The whole taco rainbow
The whole taco rainbow
Sarah Bennett

One of the dirty secrets of eating in Long Beach is that good, quick Mexican food is really hard to find. And when it comes to authentic tacos, you can count the places on one hand.

This all might seem odd since the city is now over 40 percent Latino, but with a health department that has fostered a not-so-friendly attitude toward street food, the city isn't exactly begging for the sort of illicit planchas on which L.A.'s taco culture thrives.

There are no trompos spinning dripping, reddish al pastor, no wooden chopping blocks where a machete-wielding abuela hacks away at juicy cooked meat and definitely no Mexican food trucks roving the city ready to make burritos, sopes and tacos at will (okay, there's one but we're not going to bust it yet). Only two places in the whole city currently make their own tortillas for chrissake – three if you count Playa Amor's new modern Mexican version and four if you are generous enough to not call Padre's heavy flour ones pita bread.

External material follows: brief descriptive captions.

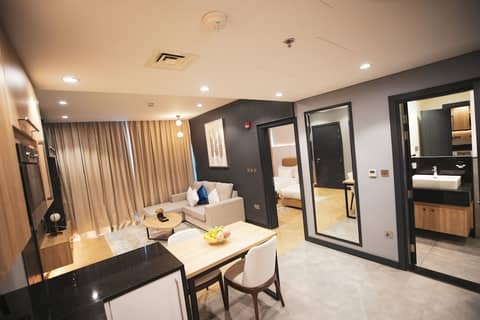 Royal Mansoura Residence Hotel — photo 4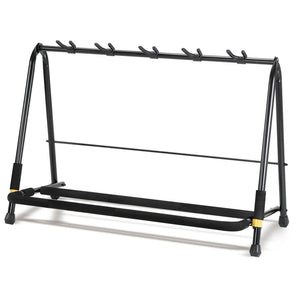 HERCULES GS525BPHA205 5-Piece Guitar Display Rack w/ 2 Expansion Pack - Ray's Midbell Music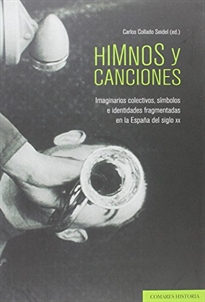 Books Frontpage Himnos y canciones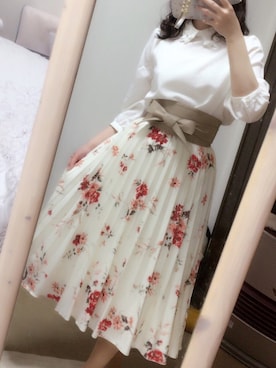 🍎りんご🍎さん(レディース・152cm)の春コーディネート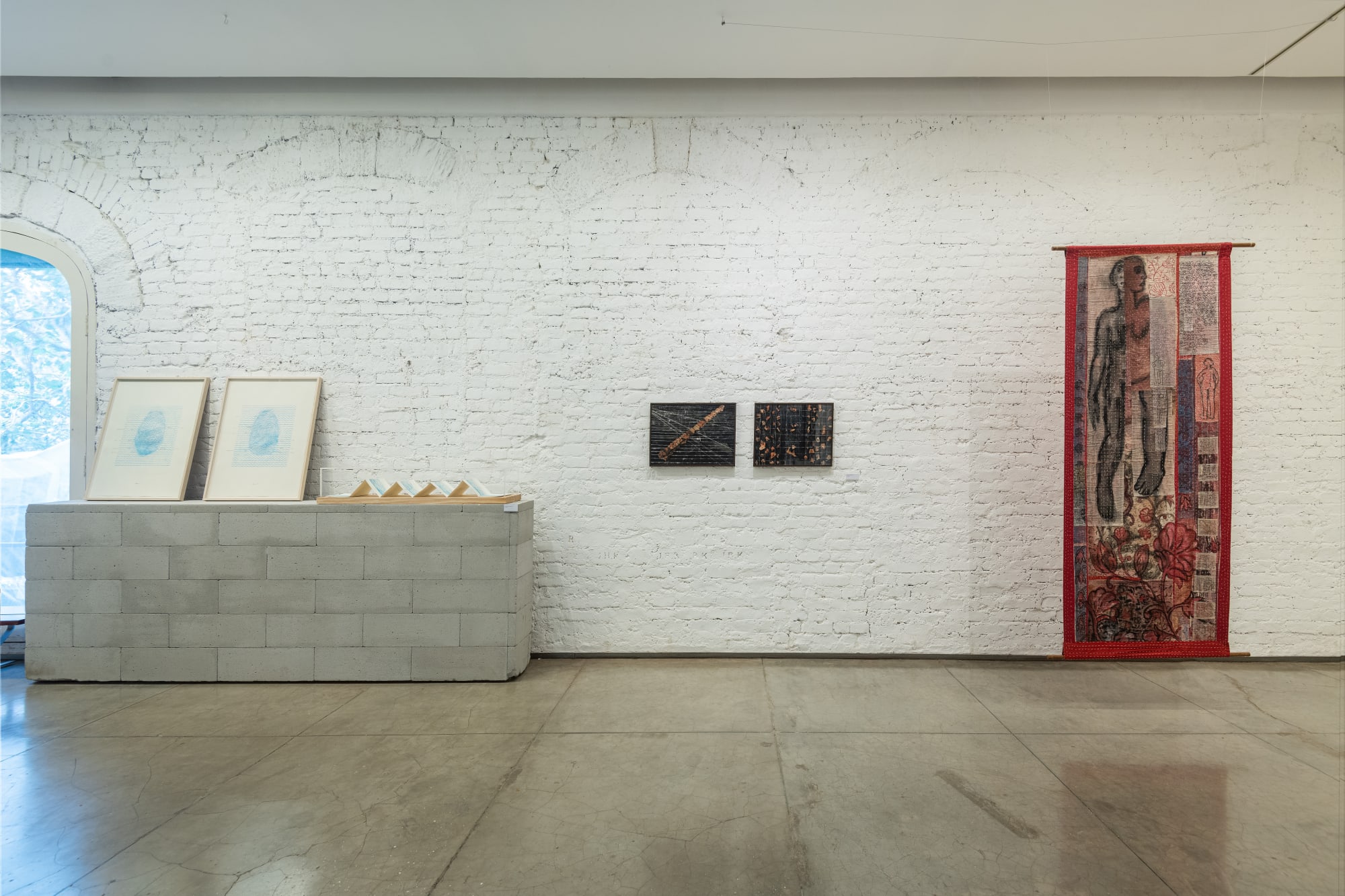 Modus Operandi III: Together Alone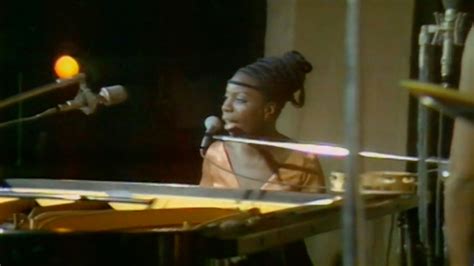 Nina Simone Live In Paris Part Ii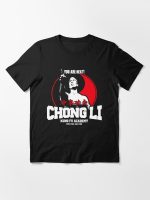 BOLO YEUNG BLOODSPORT CHONG LI KUNG FU ACADEMY YOU ARE NEXT Essential T-Shirt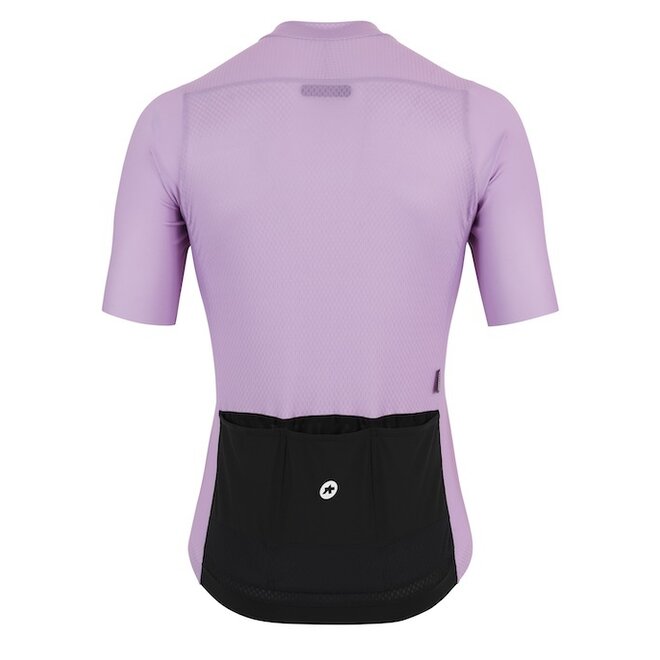 Assos Mille GT Hot Summer Jersey S11 Licht Roze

All this is to say that under these harsh conditions, Long Beach's only outpost of L.A.'s King Taco chain is a paradise.

Billed as the inventor of the taco truck as we now know it, King Taco started slanging tacos out of a converted ice cream truck in the 1970s. A restaurant near downtown L.A. opened soon after and, 30 locations later – from Bell to Fontana – the company is now ingrained in the massive Mexican-food culture (and stomachs) of the region.

The juke
The juke
Sarah Bennett

Almost all of us, gabacho or otherwise, have at one point undoubtedly inhaled its tacos after a late-night binge or seared off our taste buds with the sweet, then fiery, salsa roja during a lunch-time judgement lapse. Maybe you've even pumped a few quarters into the jukebox, a twinkling CD-filled machine always perched in the corner at every location, just to see what this Vincente Fernandez character sounds like.

King Taco first opened a location in Long Beach nearly 10 years ago, but the setup wasn't ideal, the asada was too dry and the service was slow. In 2007, they moved up the street to a brand new location (that from the outside looks more like an In-N-Out) and, thank the taco gods, now provides one of the best King Taco experiences in the whole chain.

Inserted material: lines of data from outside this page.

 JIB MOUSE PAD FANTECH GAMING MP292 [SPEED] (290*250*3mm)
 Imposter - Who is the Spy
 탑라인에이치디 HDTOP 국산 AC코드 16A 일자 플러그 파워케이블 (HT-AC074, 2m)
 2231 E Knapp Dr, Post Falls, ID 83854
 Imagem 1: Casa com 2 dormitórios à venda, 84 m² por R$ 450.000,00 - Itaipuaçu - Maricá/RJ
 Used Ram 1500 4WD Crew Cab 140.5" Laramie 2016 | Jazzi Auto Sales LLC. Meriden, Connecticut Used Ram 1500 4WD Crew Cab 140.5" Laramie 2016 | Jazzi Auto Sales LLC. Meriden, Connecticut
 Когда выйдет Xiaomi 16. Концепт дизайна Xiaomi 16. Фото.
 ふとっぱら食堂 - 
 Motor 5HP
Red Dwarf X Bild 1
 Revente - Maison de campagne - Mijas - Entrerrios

It's even okay that they don't make their own tortillas, and that the meat sits in a steam tray for a while before it gets to you, because they remain the only place in town where you can order a rainbow of reliable tacos and be on your way in 10 minutes or less. Think: juicy, marinated lengua, soft, slow-cooked buche, smooth, fatty suadero, and carnitas dripping with all the right grease. Basics like al pastor, pollo and carne asada are there too – all on a couple of tiny corn discs con todo, just how you dreamed about it.

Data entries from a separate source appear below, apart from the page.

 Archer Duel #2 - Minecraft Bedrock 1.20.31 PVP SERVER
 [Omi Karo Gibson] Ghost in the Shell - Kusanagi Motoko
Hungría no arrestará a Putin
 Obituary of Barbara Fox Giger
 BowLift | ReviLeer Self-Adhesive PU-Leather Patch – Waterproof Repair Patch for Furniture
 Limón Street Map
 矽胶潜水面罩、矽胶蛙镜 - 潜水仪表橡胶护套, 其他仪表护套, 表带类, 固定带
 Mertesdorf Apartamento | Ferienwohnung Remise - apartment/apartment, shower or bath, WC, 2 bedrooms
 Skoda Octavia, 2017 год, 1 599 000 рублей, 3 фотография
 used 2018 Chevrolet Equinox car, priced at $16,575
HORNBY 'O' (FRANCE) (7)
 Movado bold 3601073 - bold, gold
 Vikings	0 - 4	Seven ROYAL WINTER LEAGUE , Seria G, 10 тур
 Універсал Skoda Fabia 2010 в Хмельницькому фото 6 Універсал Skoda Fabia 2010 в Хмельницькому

Looks like ice cream sundae, tastes like burning fire
Looks like ice cream sundae, tastes like burning fire
Sarah Bennett

If tacos aren't your thing (you heathen), King Taco's burritos come pura carne, sopes are topped with a satisfying amount of cotija cheese and the pollo rostizado (hard to come by in Long Beach ever since chains like El Gallo Giro and Pollo Campero pulled out of the city) is a cheap meal for multiples, perfect to take back to the office. Don't forget to put a few quarters in the jukebox on your way out.